Redacción / Ventanaver. Xalapa, Ver., 29 de enero de 2023.- La Palabra de Dios tiene una voz, pero también cuenta con un rostro visible determinado porque ha tomado nuestra condición humana (Jn 1,14). Por eso, la Encarnación del Hijo de Dios es y será el corazón mismo de la fe cristiana. La Palabra Viva y Eterna ha entrado en nuestra historia, de ahí que se haya hecho visible y que haya provocado en muchos el deseo interior de ser vista: “Queremos ver a Jesús” (Jn 12,20-21).

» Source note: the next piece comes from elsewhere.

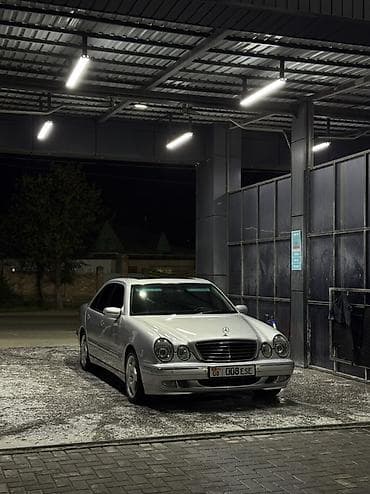 авто выхлоп: Mercedes-Benz E-Class: 2001 г., 4.3 л, Типтроник, Бензин, Седан — 1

En toda relación personal con los demás, las palabras sin un rostro no son perfectas, porque no cumplen plenamente el encuentro personal cara a cara, como recordaba el justo Job, cuando llegó al final de su dramático itinerario de búsqueda: “Solo de oídas te conocía, pero ahora te han visto mis ojos” (42, 5). Para todo creyente, Cristo es “imagen de Dios invisible, primogénito de toda la creación” (Col 1, 15). Pero, sobre todo, Cristo es Jesús de Nazaret, que caminó y camina por las calles de nuestras ciudades para ofrecer la salvación y darle rostro a las personas desfiguradas por la pobreza y la violencia que azotan también ferozmente a muchos ciudadanos de nuestra patria. Cristo se ha querido identificar, sobre todo, aunque no exclusivamente, con el rostro de los que más sufren (Mt 25,40).
Hoy la verdadera identificación de fe con Cristo no se mide únicamente, como anunciaban los profetas bíblicos, por la adhesión exterior, por los actos de culto, por la ostentación, sino por la íntima fidelidad a Cristo, por la pureza del alma, por el amor efectivo al más necesitado. La elección de fe en el amor verdadero a Cristo y a los más desfigurados por el dolor y la pobreza es la que abre de par en par las puertas del reino de los cielos. Ya San Pablo veía esta exigencia al decir, en su carta a los Romanos, que: “El reino de Dios no es comida ni bebida, sino justicia, paz y gozo en el Espíritu Santo. Porque el que en esto sirve a Cristo, agrada a Dios, y es aprobado por los hombres” (Rom 14,17-18). Solo podemos vivir dignamente si reconocemos la dignidad divina de nuestro rostro en el rostro de los más excluidos de nuestra sociedad.